Kemudian, ada beberapa aspek tambahan
yang memberikan cita rasa berbeda dengan pendidikan umum, diantaranya:
1. Orientasi
Orientasi TVET tidak hanya
mempersiapkan individu untuk masuk ke dunia kerja nyata, tetapi TVET juga
mempersiapkan individu untuk memasuki jenjang pendidikan yang lebih tinggi.

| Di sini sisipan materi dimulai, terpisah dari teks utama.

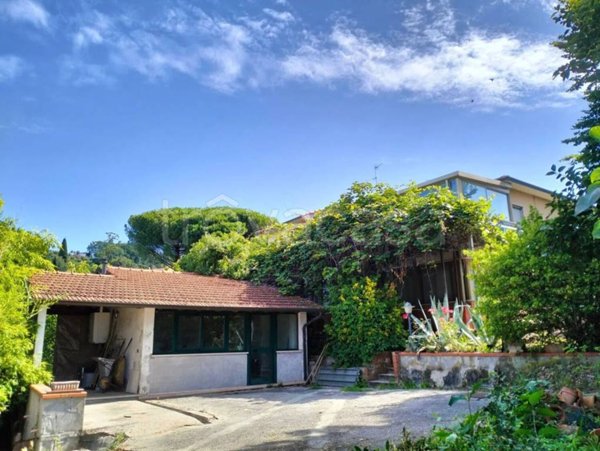 casa indipendente in vendita a Massarosa in zona Bargecchia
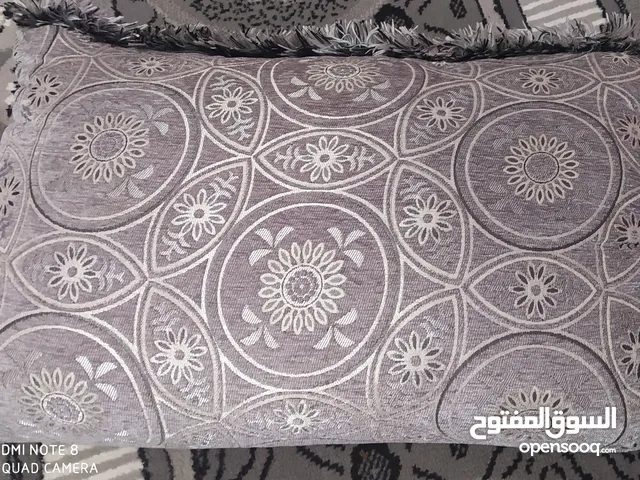 وسائد ظهر نظيفه جدا عدد 10 حبات حشو تبن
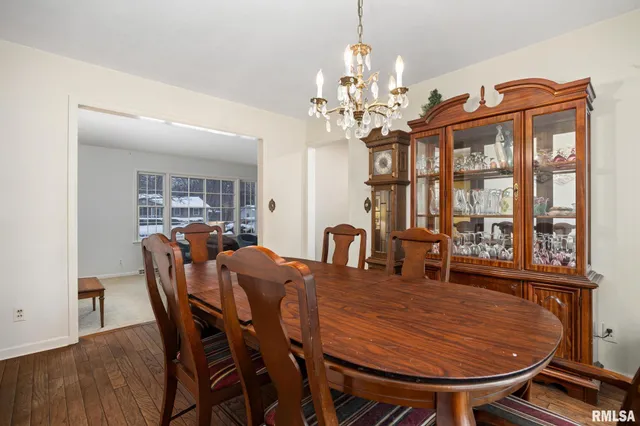 $280,000 | 2926 West Parkwood Drive, Peoria, IL 61614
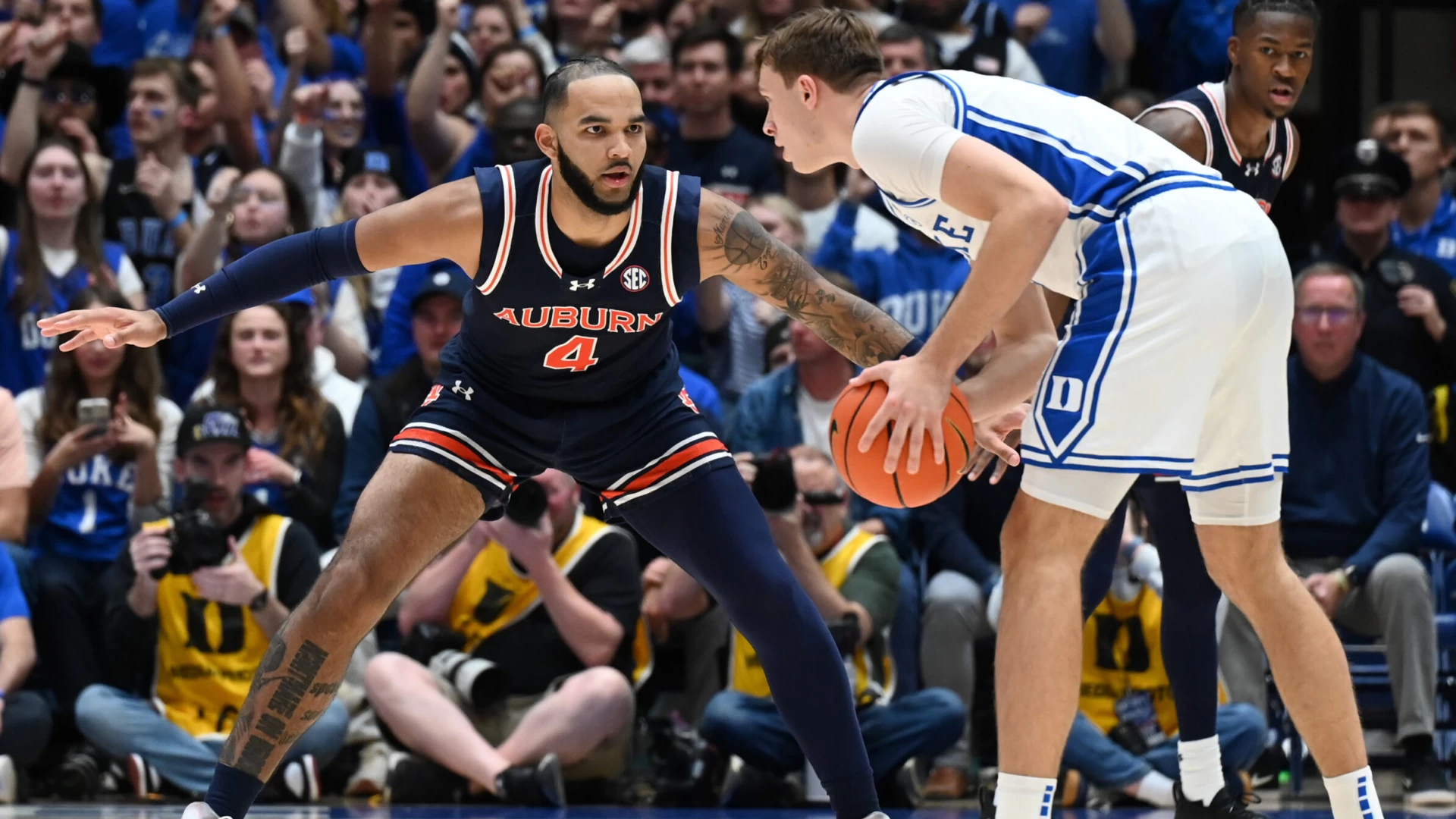 College Basketball Wooden Award Betting Trends: Cooper Flagg vs Johni Broome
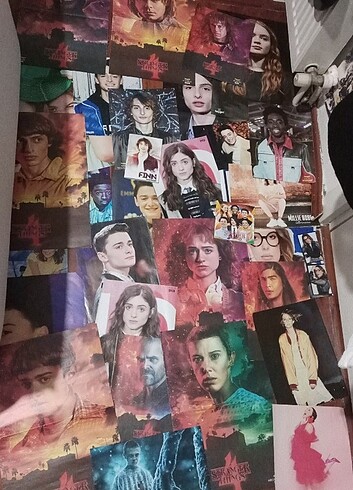 Stranger things poster +defterler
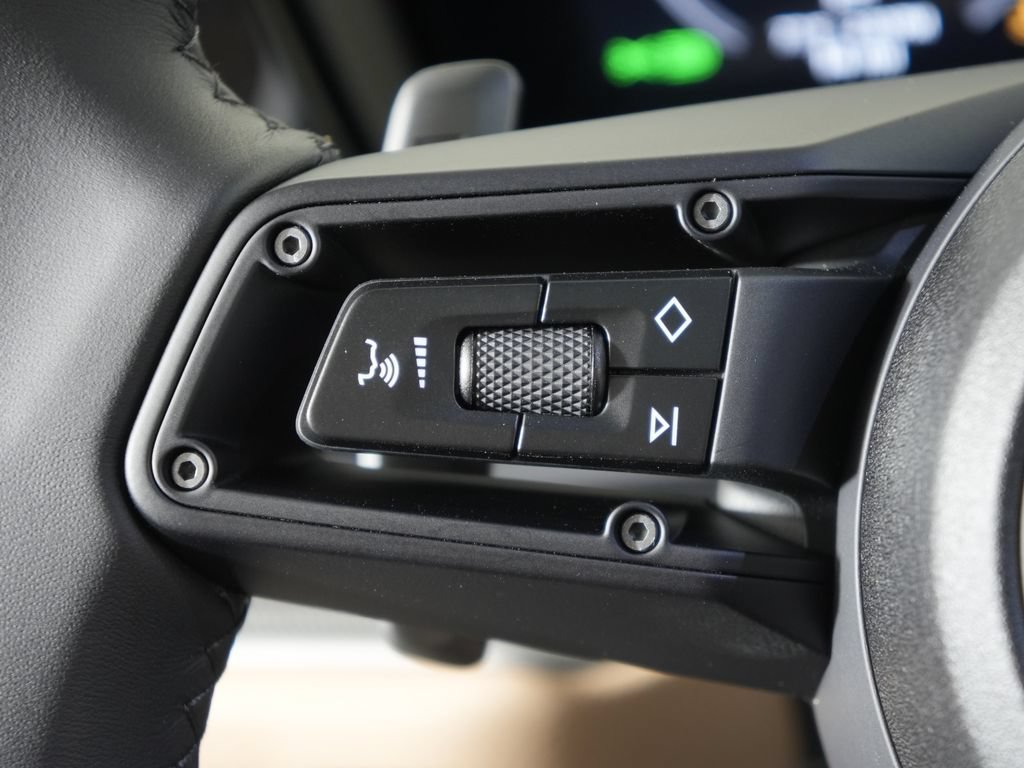 New 2026 Porsche Cayenne AWD/4WD image 25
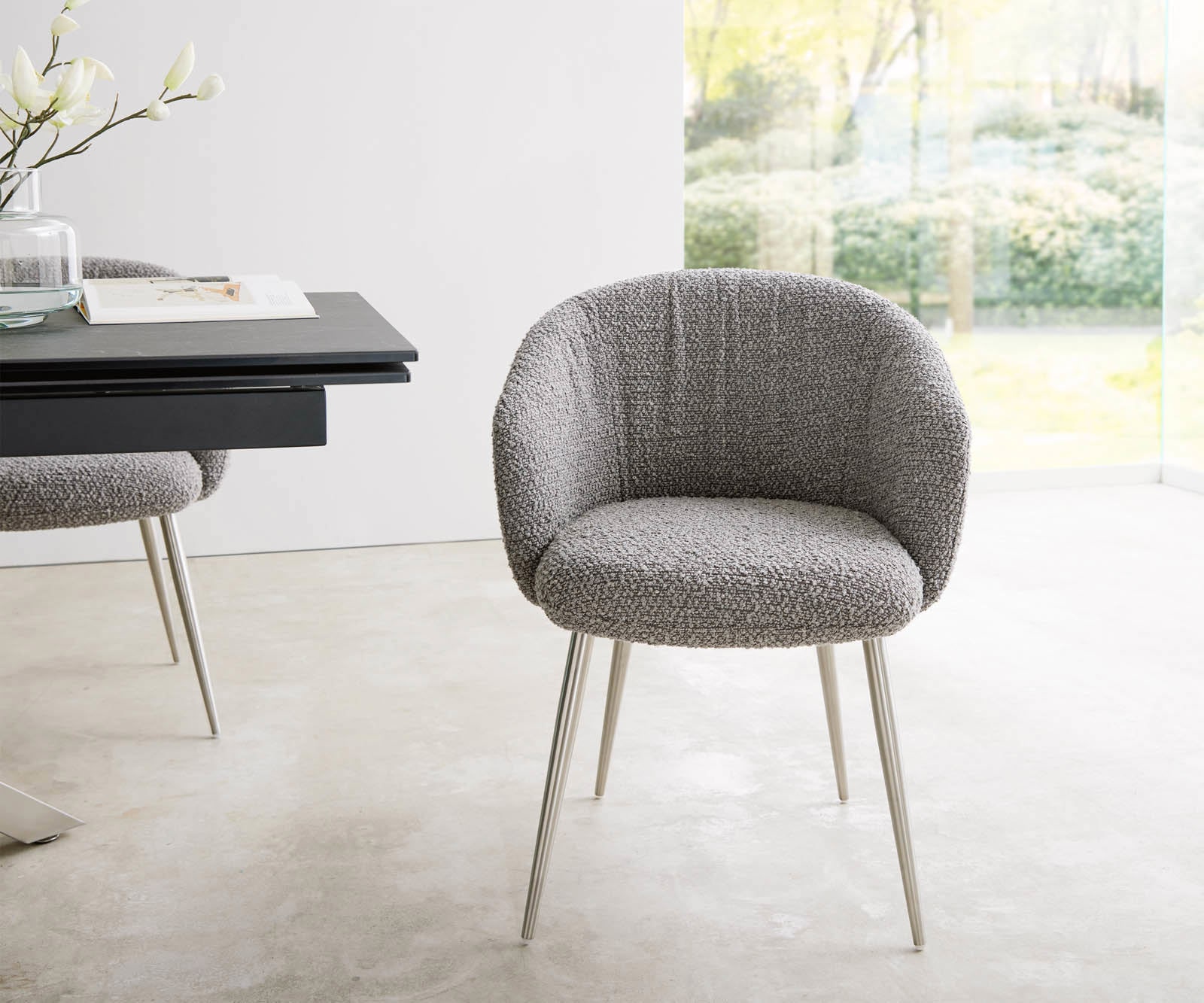 Chaise-de-salle-à-manger Caja-Flex avec accoudoirs bouclé gris argenté 4 pieds coniques acier inoxydable brossé ressorts ensachés 1 Chaise-de-salle-à-manger Caja-Flex avec accoudoirs bouclé gris argenté 4 pieds coniques acier inoxydable brossé ressorts ensachés 1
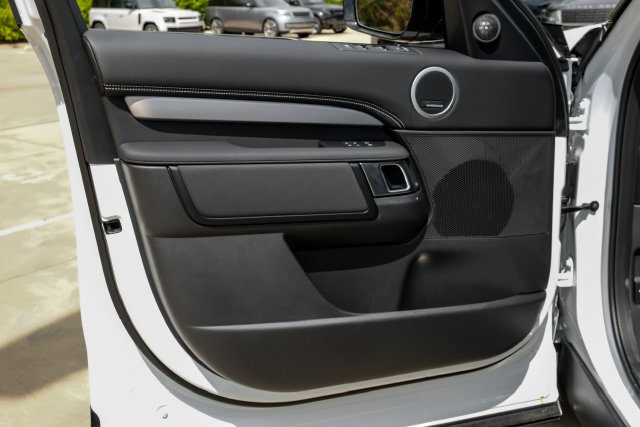 New 2026 Land Rover Discovery Limited Edition AWD/4WD image 53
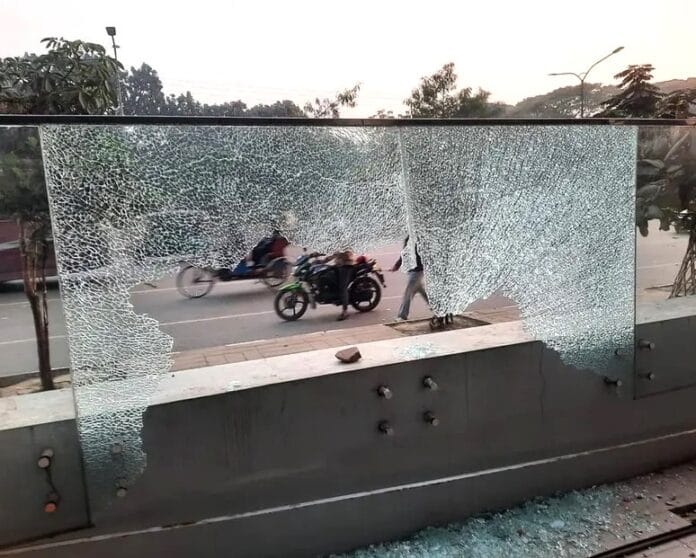 #BTRC #NEIR #MobilePhoneTraders #Vandalise #Bangladesh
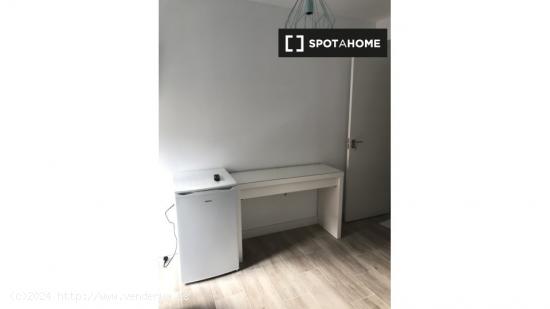 Habitación en piso compartido en valència - VALENCIA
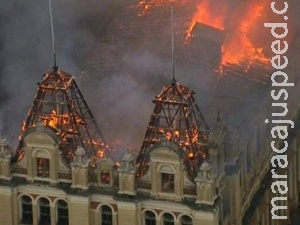 Brigadista morre após incêndio em museu; acervo é preservado Brigadista morre após incêndio em museu; acervo é preservado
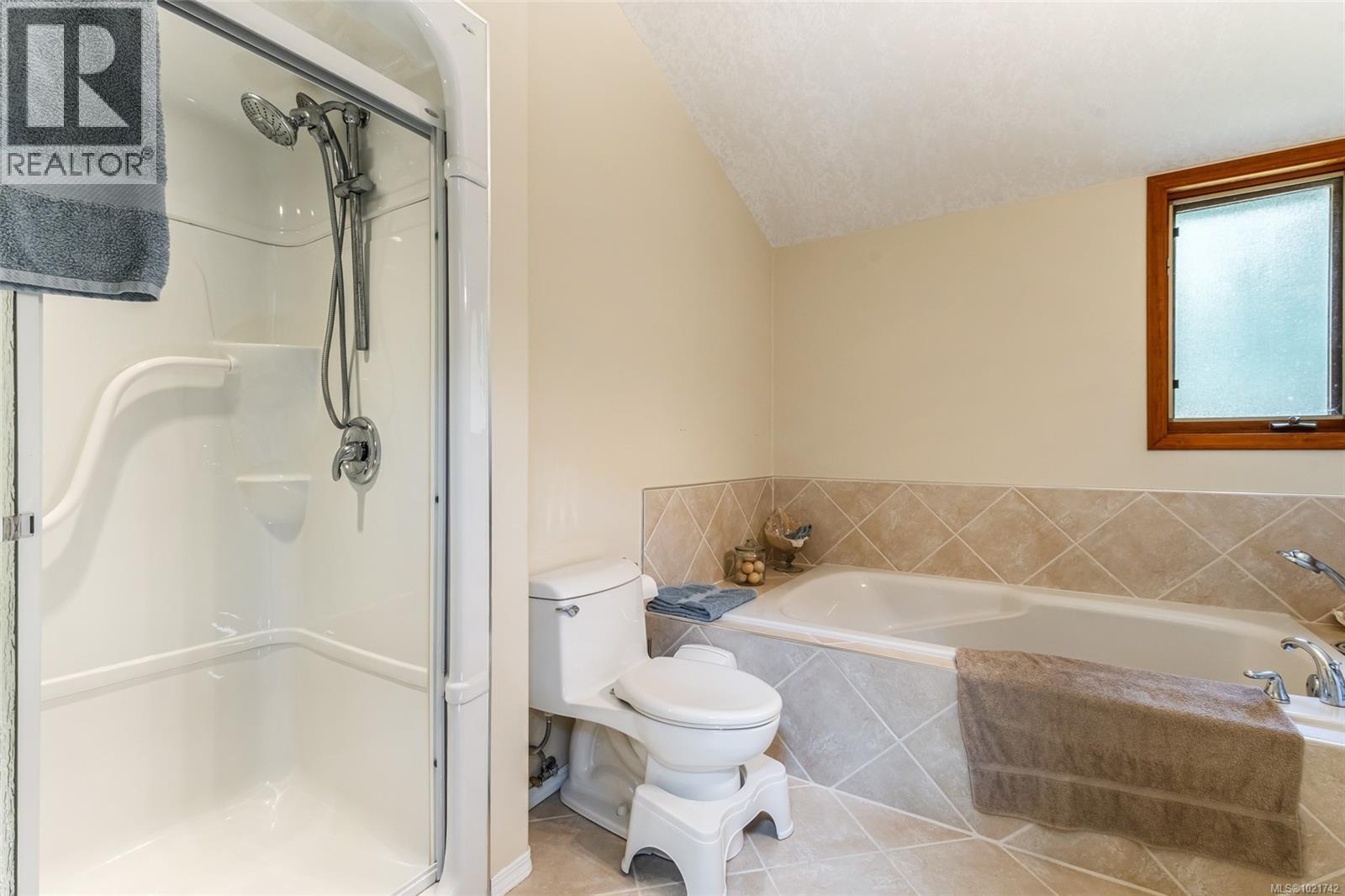 4961 Aho Rd, Ladysmith, BC - Indoor Photo Showing Bathroom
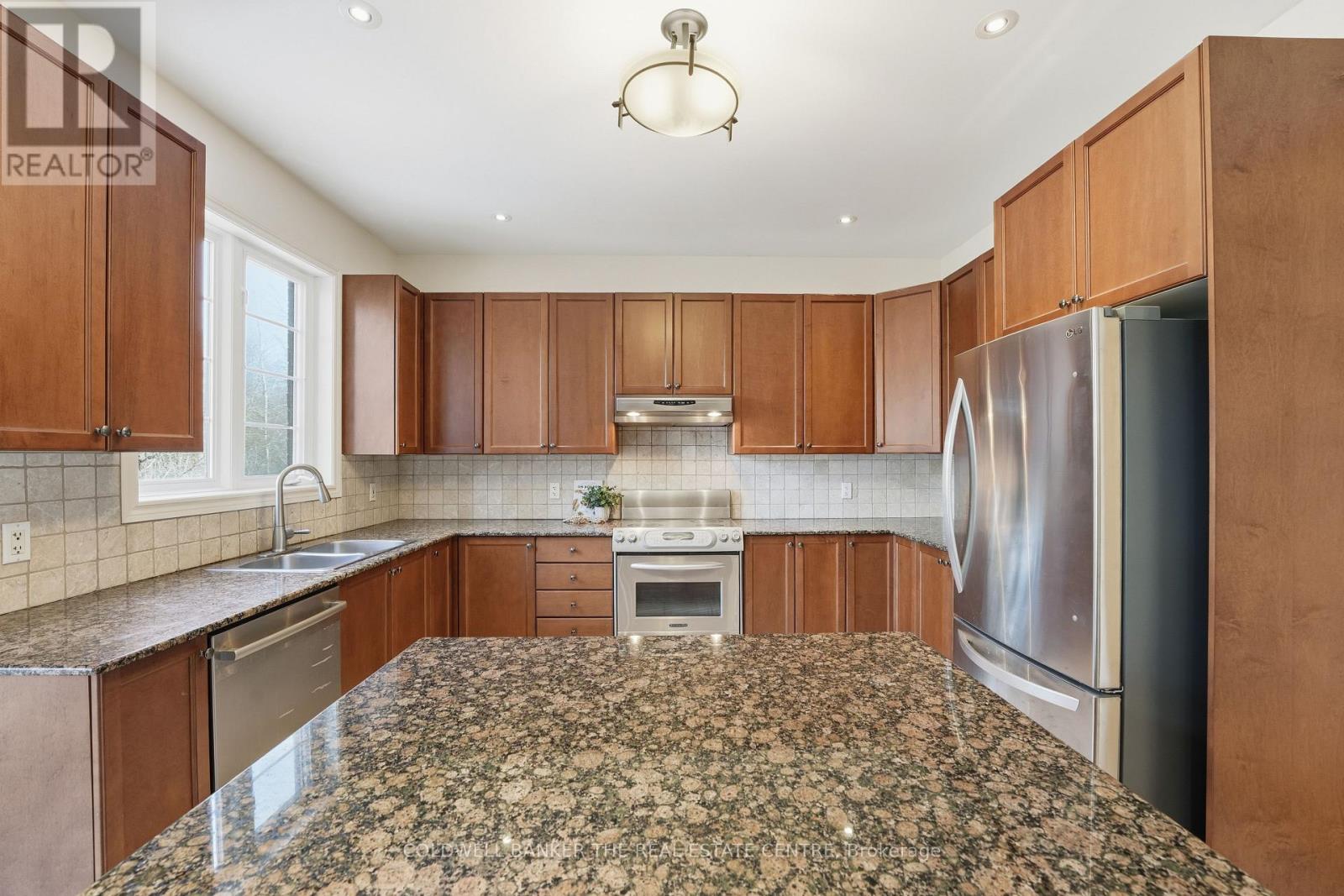 19 Deerhorn Crescent, Aurora, Ontario  L4G 6S4 - Photo 19 - N12681834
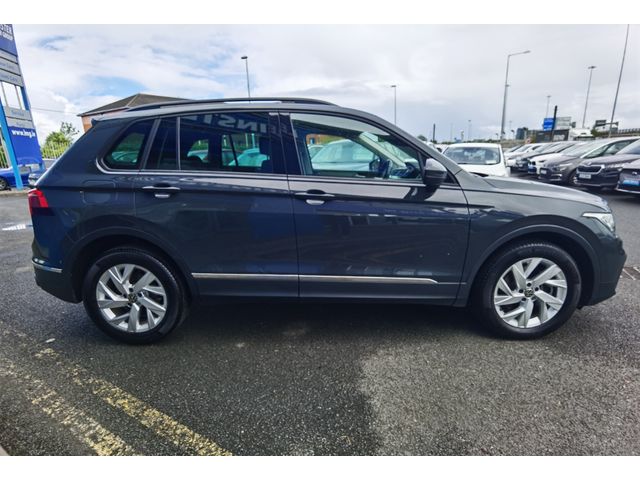 Image for 2022 Volkswagen Tiguan 1.4 TSI LIFE AUTOMATIC PETROL PLUG-IN HYBRID - FINANCE AVAILABLE - CALL US TODAY ON 01 492 6566 OR 087-092 5525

Maka dari itu, orientasi tersebut bisa dijadikan alasan logis agar TVET selalu
eksis.
2. Hubungan
dengan Industri
Erat kaitannya dengan masalah
mahalnya penyelenggaraan TVET, dan
tingginya tuntutan relevansi dengan dunia kerja/industri, maka masalah hubungan
antara lembaga pendidikan dengan dunia kerja/industri, merupakan suatu ciri
karakteristik yang penting bagi TVET. Perwujudan hubungan timbal balik berupa
kesediaan dunia kerja/industri, menampung peserta didik untuk mendapat
kesempatan pengalaman belajar di lapangan kerja/industri, informasi
kecenderungan ketenagakerjaan yang merupakan bahan untuk dijabarkan ke dalam
perencanaan dan implementasi program pendidikan, dan bentuk-bentuk kerjasama
lainnya yang saling menguntungkan.
3. Kepekaan
Salah
satu orientasi TVET adalah ke dunia kerja, sehingga TVET harus mempunyai ciri
berupa kepekaan atau daya suai terhadap perkembangan masyarakat pada umumnya,
dan dunia kerja pada khususnya. Perkembangan ilmu dan teknologi, inovasi dan
penemuan-penemuan baru di bidang produksi dan jasa, besar pengaruhnya terhadap perkembangan
TVET. Untuk itulah TVET harus bersifat responsif proaktif terhadap perkembangan
ilmu dan teknologi, dengan upaya lebih menekankan kepada sifat adaptabilitas
dan fleksibilitas untuk menghadapi prospek karir anak didik dalam jangka
panjang.
Dasar
Filosofi TVET
Gambar 4. Dasar Filosofi TVET
|
Gambar
4 merupakan gambaran tiga dasar filosofi yang membentuk kerangka kerja
konseptual TVET. Tiga dasar filosofi tersebut antara lain: (a) Esensialisme;
(b) Pragmatisme; dan (c) Pragamatisme(Rekonstruksi)/ Eksistensialisme. Dalam
pandangan Esensialime, TVET memiliki tujuan untuk memenuhi kebutuhan pasar
mengenai tenaga kerja. Karakteristiknya antara lain: (a) adanya kurikulum
referensi; (b) intrusktur yang memiliki pengalaman di dunia industri; dan (c)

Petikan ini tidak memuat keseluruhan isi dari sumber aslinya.